Begin at the line containing "画像3: SUGAR CANE" and restate it and each line after it exactly, up to and including the last line below. Leave pictures out.

▶ **Exercise data**:
______________________________
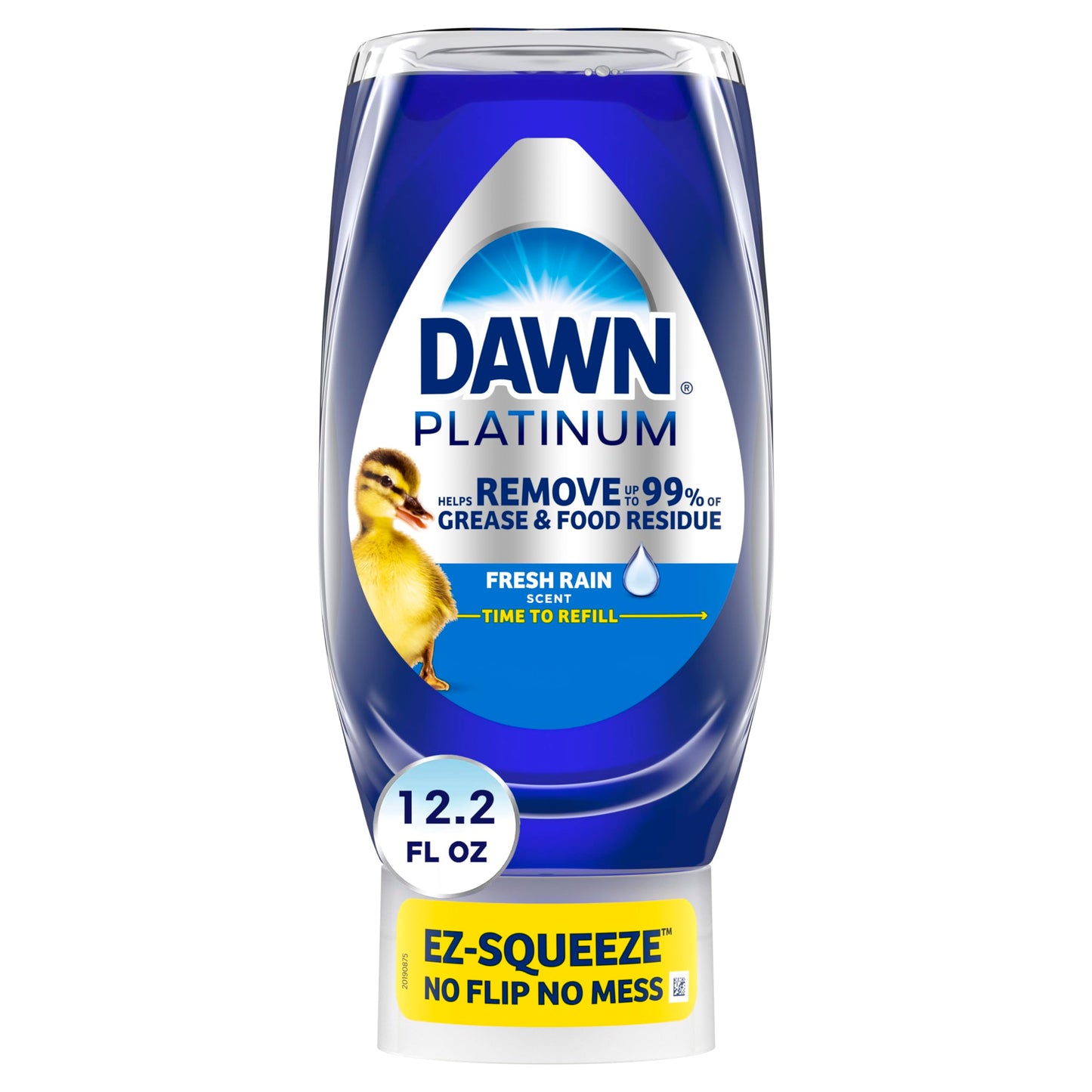 Dawn Platinum Dish Soap Liquid, Dishwashing Liquid, Grease Removal + Sponge Bundle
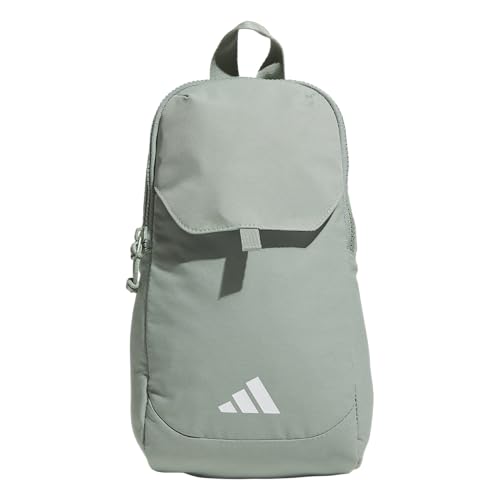 adidas Essentials 3 Crossbody – Sling Bag with Phone Pocket - color: Silver Green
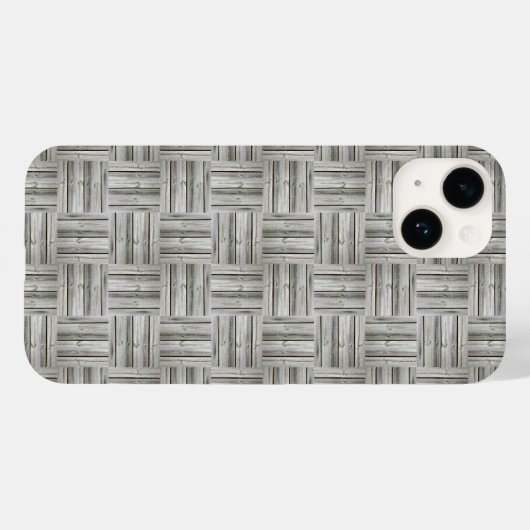 Coques Case-Mate iPhone Motif en bois transparent (Verso (horizontal))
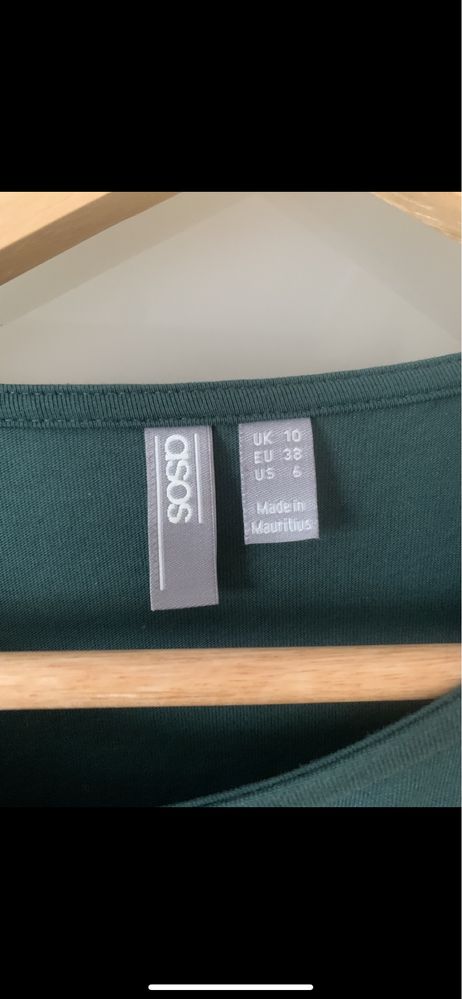 Zielona sukienka z długim rękawem M ASOS Petite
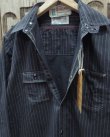 画像3: SUGAR CANE -FICTION ROMANCE 8.5oz. BLACK WABASH STRIPE WORK SHIRT- 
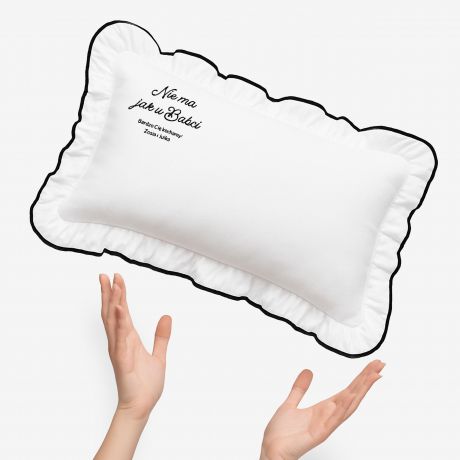 Poduszka z falbank� NIE MA JAK U BABCI prezent dla babci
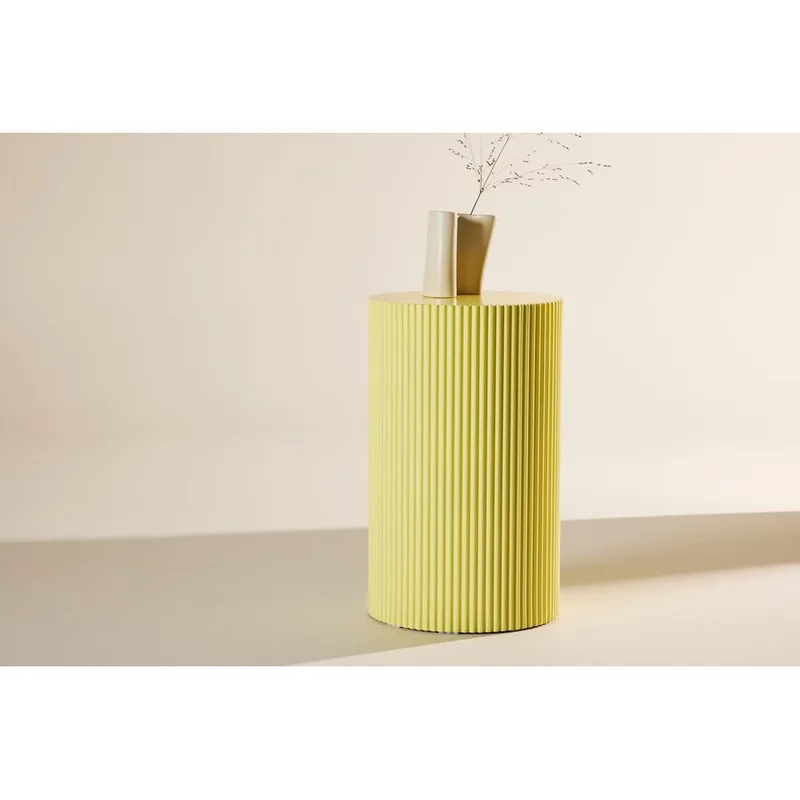 Sidobord Lenox - Gul - Möbler - Vardagsrum - Soffbord & vardagsrumsbord - Sidobord & lampbord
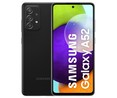 Smartphone 16,51cm (6,5") SAMSUNG Galaxy A52 SM-A525FZKGEUB negro, Octa-Core, 6GB Ram, 128GB, 64+12+5+5 Mpx, Dual-Sim, Android.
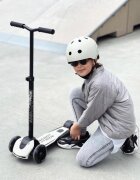 SCOOT AND RIDE Trotineta copii pliabila reglabila roti luminoase Highwaykick 5 Led Ash 5 ani + pana la 80 kg Scoot Ride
______________________________
▶ **Task result**:
 画像3: SUGAR CANE -FICTION ROMANCE 8.5oz. BLACK WABASH STRIPE WORK SHIRT- 
 Poduszka z falbank� NIE MA JAK U BABCI prezent dla babci
 Sidobord Lenox - Gul - Möbler - Vardagsrum - Soffbord & vardagsrumsbord - Sidobord & lampbord
 Smartphone 16,51cm (6,5") SAMSUNG Galaxy A52 SM-A525FZKGEUB negro, Octa-Core, 6GB Ram, 128GB, 64+12+5+5 Mpx, Dual-Sim, Android.
 SCOOT AND RIDE Trotineta copii pliabila reglabila roti luminoase Highwaykick 5 Led Ash 5 ani + pana la 80 kg Scoot Ride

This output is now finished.